[Start of Attachment]
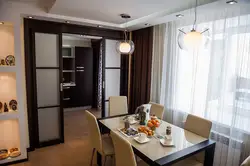 Kitchen in a three-room Khrushchev house photo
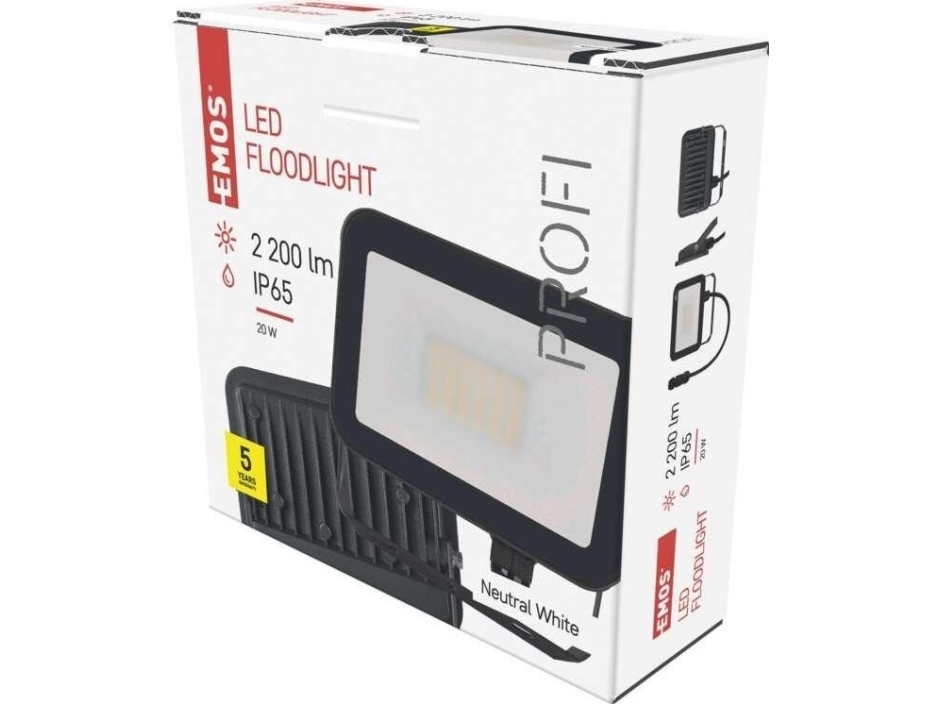 Emos LED projektør Profi ZS2622 20W 2200lm 4000K IP65 sort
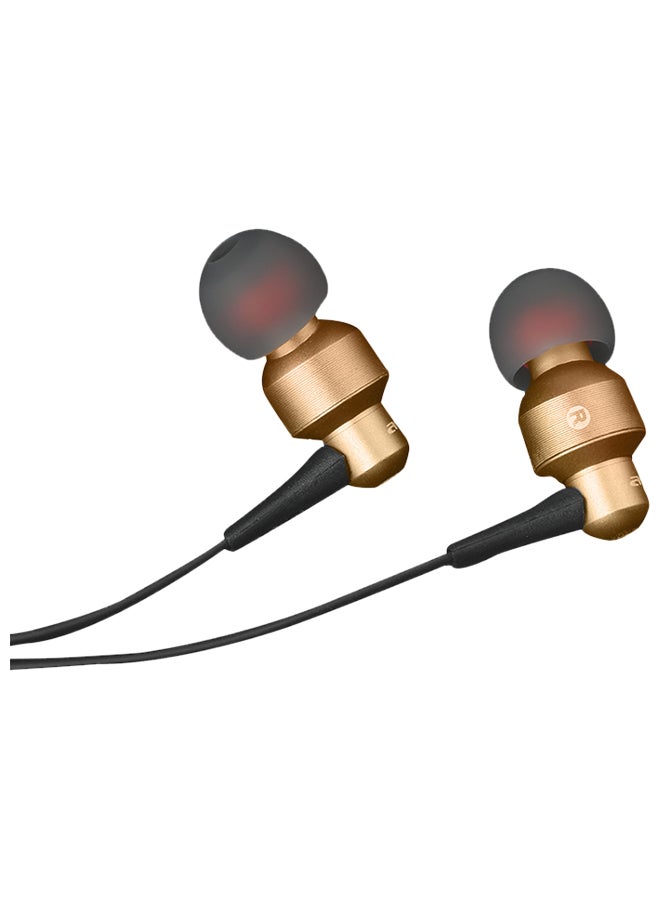 Awei Stereo In-Ear Earphones With Mic Black/Gold - Image 2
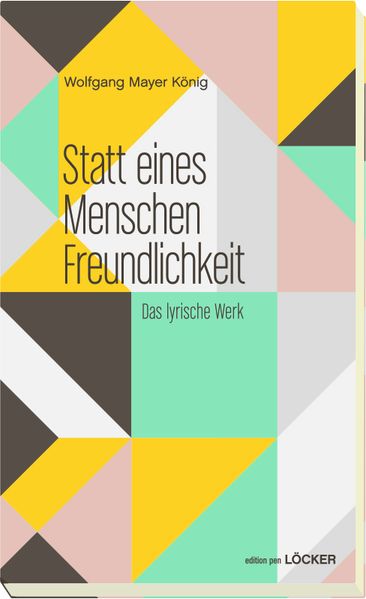 Cover von Statt eines Menschen Freundlichkeit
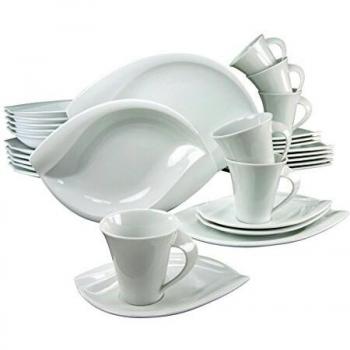Creatable 30-teiliges Geschirrset Acacia Weiss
[End of Attachment]
Your task is to repeat exactly the lines from the one containing "Emos LED projektør" through the end of the material, both included, and only those, without pictures.

 Emos LED projektør Profi ZS2622 20W 2200lm 4000K IP65 sort
 Awei Stereo In-Ear Earphones With Mic Black/Gold - Image 2
 Cover von Statt eines Menschen Freundlichkeit
Creatable 30-teiliges Geschirrset Acacia Weiss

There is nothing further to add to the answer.